Leitsatz
1. Das Antragsrecht für die Gewährung kraftfahrzeugsteuerrechtlicher Vergünstigungen für Schwerbehinderte steht nach dem Tod des Berechtigten seinen Erben zu (entgegen Ziff. 8.7 DV‐KraftSt).
2. Der Feststellungsbescheid über das Vorliegen einer Behinderung, den GdB und über das Vorliegen weiterer gesundheitlicher Merkmale ist hinsichtlich dieser Feststellungen Grundlagenbescheid für den Kraftfahrzeugsteuerbescheid über Vergünstigungen für Schwerbehinderte.
Normenkette
§ 3a KraftStG; § 171 Abs. 10 AO, § 69 Abs. 1, Abs. 4 und Abs. 5 SGB IX a.F., § 152 Abs. 1, Abs. 2 und Abs. 5 SGB IX
Sachverhalt
Der Halter eines Pkw war kurz nach Abmeldung des Fahrzeugs (7.5.2017) verstorben. Noch zu Lebzeiten war eine Schwerbehinderung seit dem 24.2.2017 mit Merkzeichen u.a. H, B und aG festgestellt worden. Die Erben beantragten, den Pkw rückwirkend vom 24.2.2017 bis zur Abmeldung nach § 3a Abs. 1 KraftStG von der KraftSt zu befreien.
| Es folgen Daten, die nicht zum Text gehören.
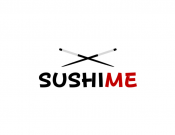 Projekt graficzny, nazwa firmy, tworzenie logo firm Logo marki SushiMe - areklogomaker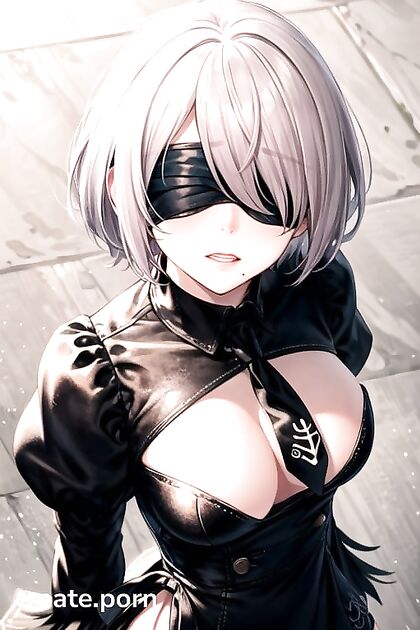 Slime Girl 18+ Standing Close-Up in erotically charged Hentai Picture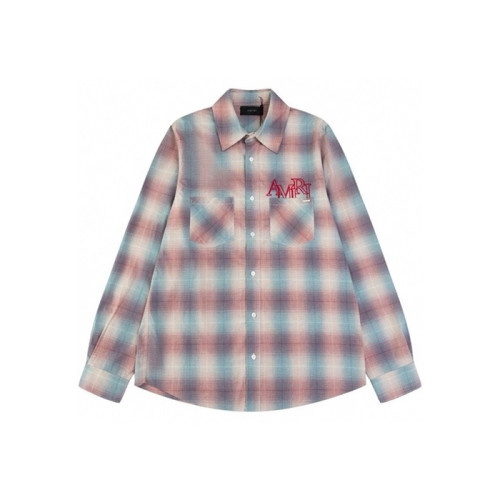 아미리 남성 핑크 셔츠 - Amiri Mens Pink Shirts - amc54x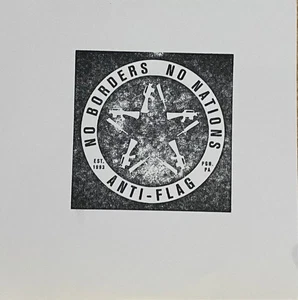 Anti-Flag - No Borders No Nations #6 (7" Single, Limited, Numbered) - Foto 1 di 1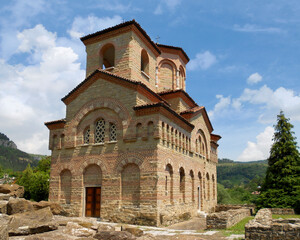 Fototapeta na wymiar Saint Demetrius of Thessaloniki (Saint Dimitar Salunski) Church, Veliko Tarnovo, Bulgaria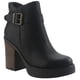 thumbnail image 3 of Botin Chalada Mujer Ella-15 Negro Casual, 3 of 7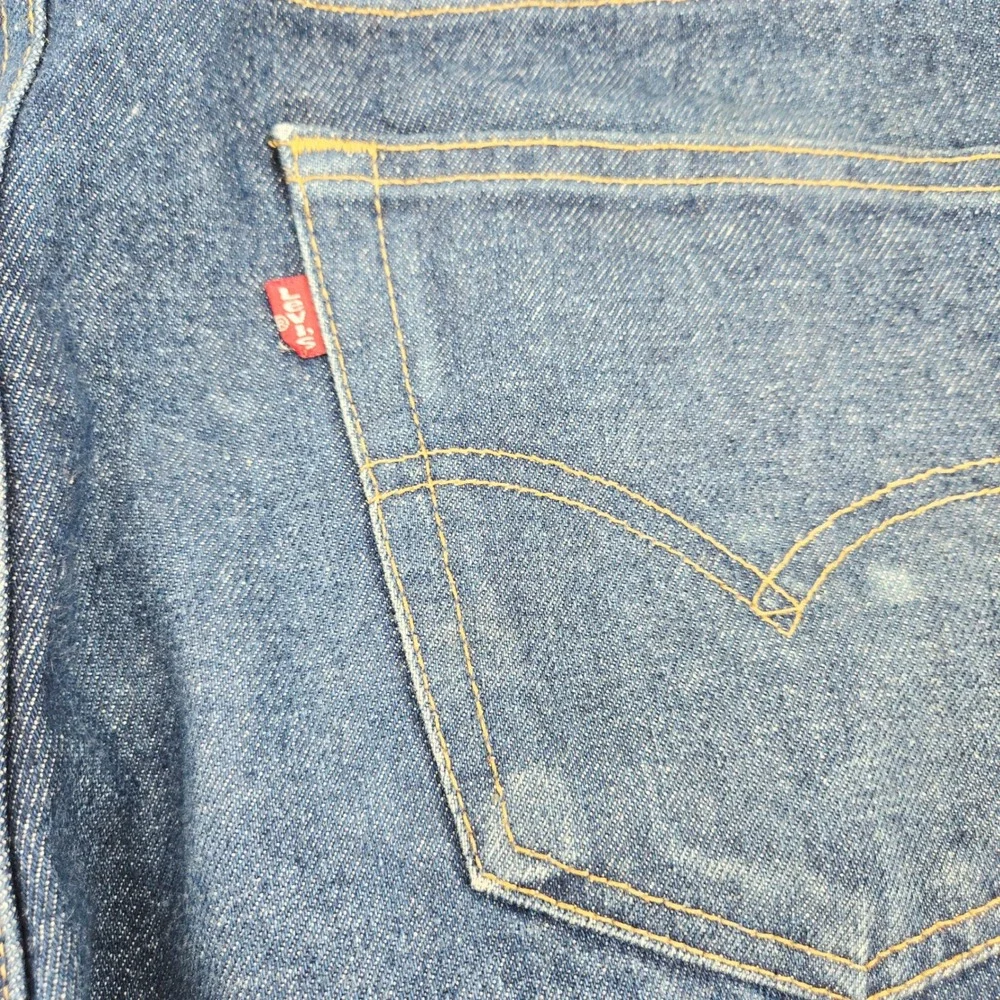 Levi's 517 Bootcut Jeans Dark‎ Wash Indigo 2001 Vintage W34 L32 Denim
Das HZA lehnte dies ab, weil es sich bei der Steuerbefreiung um ein höchstpersönliches Recht handele, das nicht von den Erben geltend gemacht werden könne.
Die Klage beim FG hatte Erfolg. Das FG verpflichtete das HZA zur Gewährung der Steuerbefreiung und entsprechender Festsetzung der KraftSt (FG Baden-Württemberg, Urteil vom 18.10.2019, 13 K 1012/18, Haufe-Index 13694400, EFG 2020, 417).
Entscheidung
Die Revision des HZA wies der BFH als unbegründet zurück. Die Schwerbehinderung als Voraussetzung der Steuerbefreiung ergebe sich aus dem Bescheid über die Feststellung der Schwerbehinderung, der als Grundlagenbescheid für die KraftSt-Festsetzung bindend sei. Der KraftSt-Bescheid sei rückwirkend auf den Zeitpunkt des festgestellten Eintritts der Schwerbehinderung zu ändern, weil auch alle anderen Voraussetzungen der Steuerbefreiung erfüllt seien.
Der Antrag habe noch nach Ende des Befreiungszeitraums gestellt werden können. Ob der Halter den Antrag selbst stelle und vor der Entscheidung über den Antrag versterbe oder ob der Antrag – wie hier – erst von den Erben gestellt werde, sei ohne Bedeutung. Es sei allein entscheidend, ob der Antragsteller zu Lebzeiten die Voraussetzungen für die Steuerbefreiung erfüllt habe.
Hinweis
1. Das Urteil klärt entgegen der Auffassung der Verwaltung, dass die Befreiung von der KraftSt wegen einer Schwerbehinderung nach § 3a Abs. 1 KraftStG auch nach dem Tod des schwerbehinderten Fahrzeughalters von dessen Erben beantragt werden kann. Eine etwaige Erstattung bereits geleisteter KraftSt erhöht dann den Nachlass. Die anderslautende Regelung in Ziff. 8.7 Abs. 1 DV-KraftSt ist danach rechtswidrig und wird aufzuheben sein.
Erst recht wird der Antrag dann auch von einem über den Tod hinaus Bevollmächtigten für den verstorbenen Halter gestellt werden können. Deshalb wird auch Ziff. 8.7 Abs. 2 DV-KraftSt, wonach derartige Anträge abzulehnen sind, als rechtswidrig beurteilt werden müssen.
2. Die Schwerbehinderung ist nach dem Wortlaut des § 3a Abs. 1 KraftStG durch den Schwerbehindertenausweis nachzuweisen. Dieser Ausweis wird auf der Grundlage eines betreffenden Feststellungsbescheids ausgestellt. Deshalb sieht der BFH bereits diesen Bescheid als Grundlagenbescheid für die KraftSt an. Dies entspricht auch der Verwaltungsauffassung (Ziff. 8.4 DV-KraftSt).